This time, when he woke, he did so slowly. He could still smell the wood smoke and dust, but the vanilla had faded. It was still nearby, but not close enough to fill his senses the way that it had been when he'd fallen asleep.

Bruce lifted a hand to his face to grope for his glasses, but they were gone. One of the others must have taken them off him, which was somewhat of a relief but he still worried absently, wondering where they'd been set this time and whether he would be able to find them again. It didn't seem to matter all that much for the moment because he was still warm and comfortable, particularly thanks to the press of the warm body against his side.

Bruce lifted his head, confused. If the scent that had helped lull him to sleep was more distant now, why was he still warm?

It was fully dark inside the room now, but the light of the fire picked up the dirty gold of Clint Barton's hair where it fell choppily against his fair skin and against Bruce’s dark shirt from where it was pillowed on his chest, and caught the outlines of his cheekbones and jawline as well.
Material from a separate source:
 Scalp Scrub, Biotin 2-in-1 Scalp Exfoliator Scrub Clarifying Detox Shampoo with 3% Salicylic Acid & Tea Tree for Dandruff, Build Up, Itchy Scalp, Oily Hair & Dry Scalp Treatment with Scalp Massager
That blanket that had protected his modesty had also been shared somewhere in his sleep and Bruce wasn't sure if he'd done that, or someone else, or whether he should be worried about the entire thing. Or even if he should be more worried that he was now sharing it with a man. Or if he should wonder if Natasha had been the one to coax him into sharing that blanket.

Perhaps it would be best if he forgot the whole thing.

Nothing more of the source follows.